Lawyers are naturally conceited – with good reason. Law training assumes that the learning we do equips us to step in the shoes of a messianic advocate for mere mortals, play Voltron and defend the universe for a fee; acts that have little to do with modesty or meekness. Every time, a lawyer wins on either side. The winner in true hedonistic enjoyment, never lets anyone forget and tells and retells the victory story to anyone who would listen. The loser still gets to brag about how close they were to wining, how well the well-tried strategies could have worked and shone through despite the tough facts and the ignorant client..
We brag at anything – the size of our offices and the type of wigs our seniors wear; the transactions we work on even though all we did was read for typos; the number of SANs in our office, even if they no longer go to court; the schools we attended and the postgraduate degrees we probably will never use; the decade old mint-new books in our libraries; the sponsorship of seminars in other continents of which no one really cares. I have heard lawyers brag about how long they can stretch a case by numerous adjournments! We just love the double pleasure of hearing the sound of our voice and having other people listen to how good we are.
Luckily, Nigerian lawyers are way ahead of most African lawyers as our green passport quickly assures us of the extra attention that makes ‘do you know who I am’ irrelevant in international airports.

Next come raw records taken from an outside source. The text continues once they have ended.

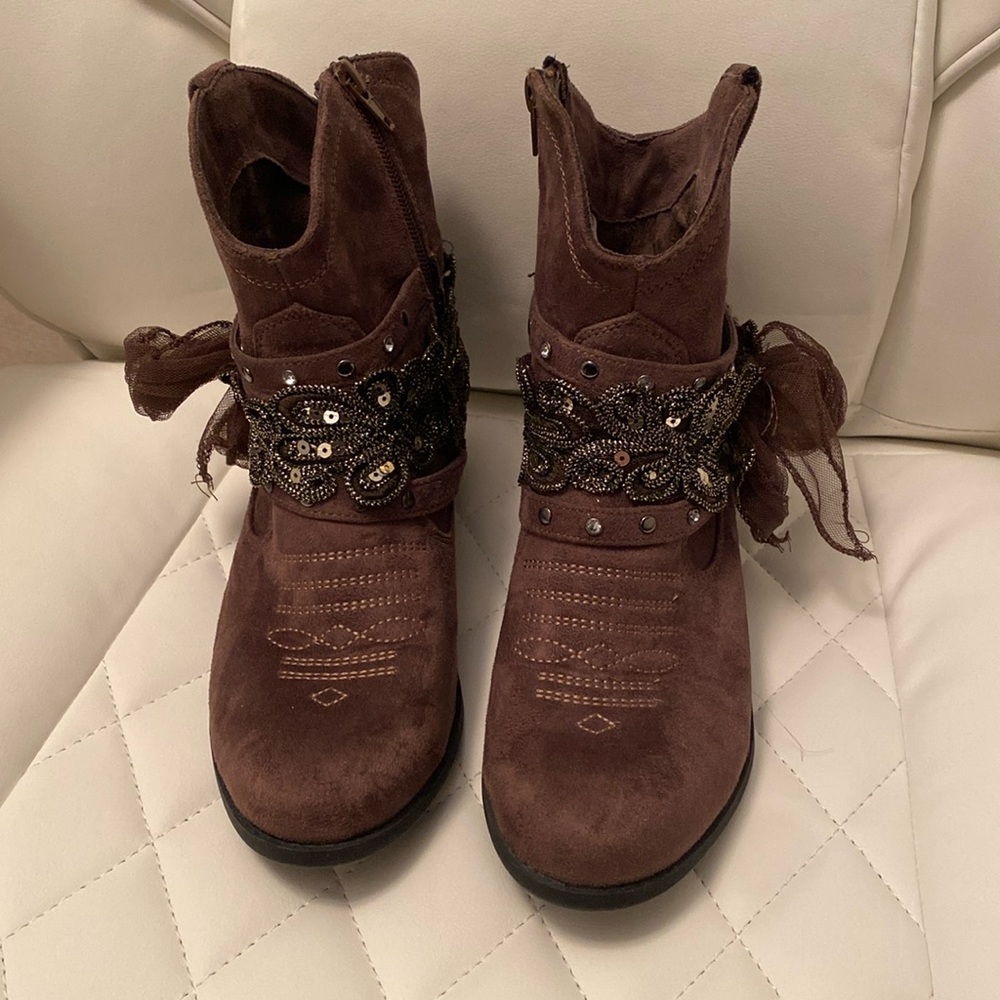 Women’s embellished booties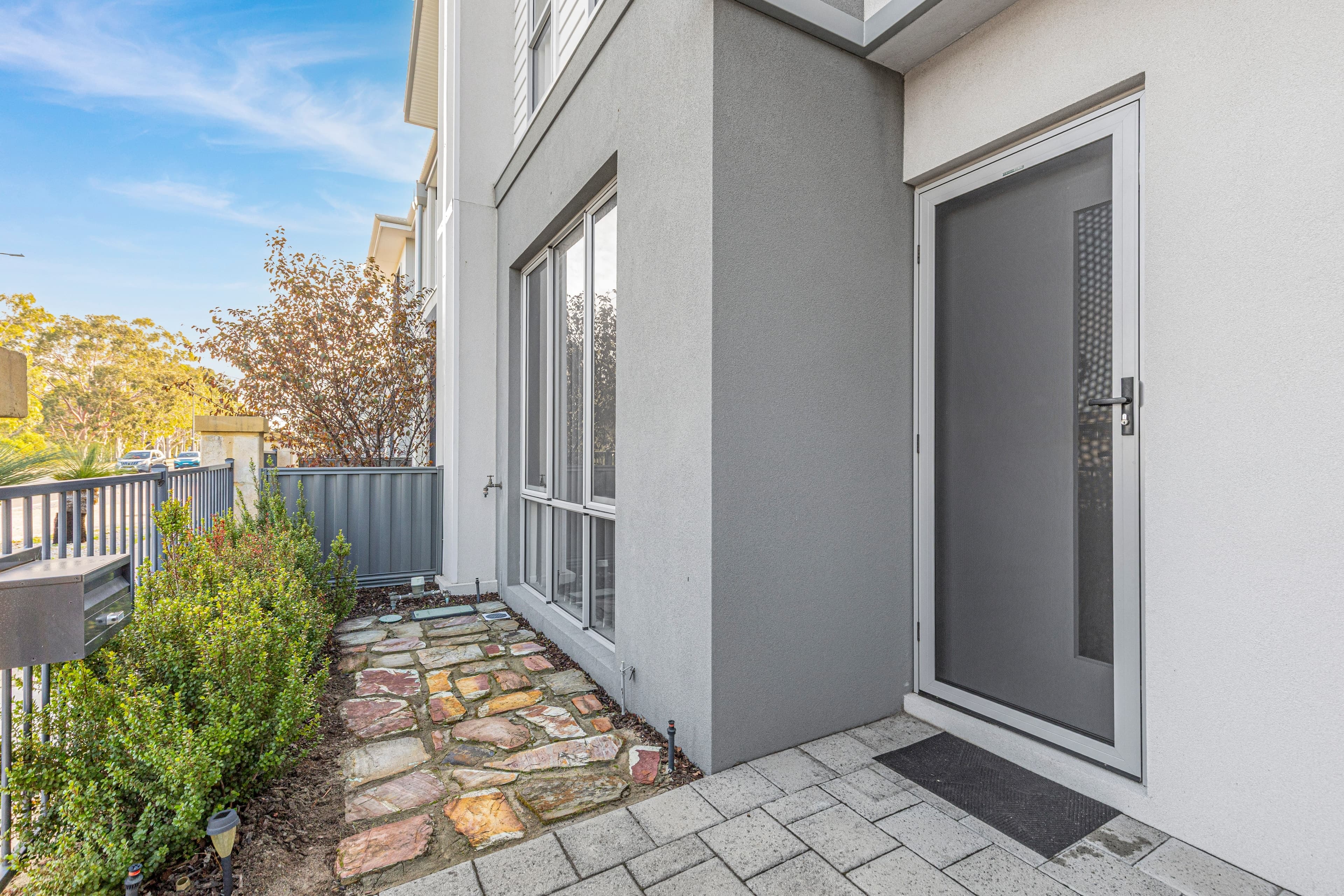 67 Everglades Avenue, Brabham WA 6055, Brabham - Thumbnail 2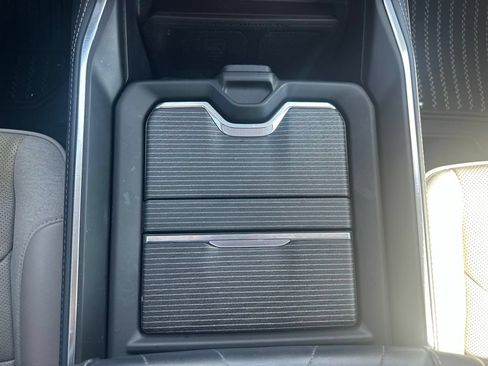Used 2023 RAM 1500 Limited AWD/4WD image 8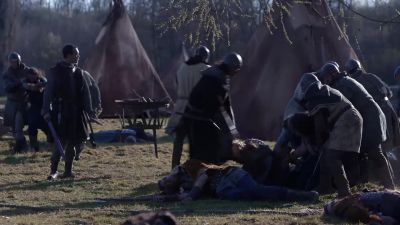 (YOUNGER) Tie them. - The Last Kingdom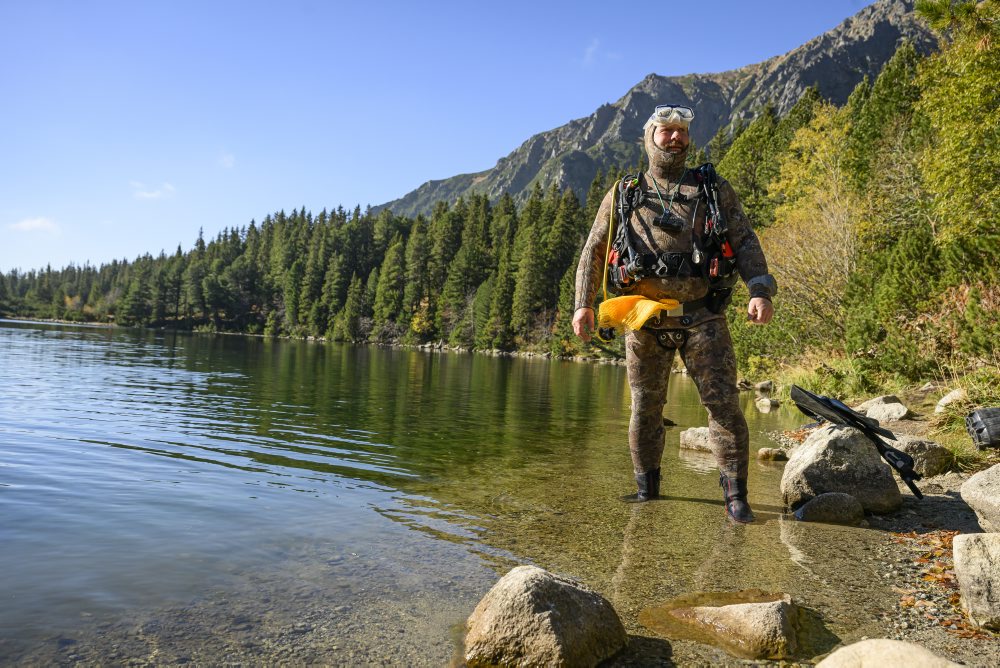 Potápači opäť vyčistili tatranské plesá po letnej turistickej sezóne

Outside the airports, bragging proves useful in securing a nice portion of our clients’ legal budget. Nothing assures the non-learned cheque-signer of absolute belief in the lawyer’s abilities to make the problem go away than hinting at a museum filled with relics of wars fought and won – ‘oh, transfer of ship from the Antarctica? We did something similar only last year’. Since few lawyers actually specialise, it is really easy to fall into the untruth-trap and claim bragging rights to something close to everything ranging from taxation of alien spacecraft to a legal opinion on the legality of the signature of the chief justice. We brag to get the work done.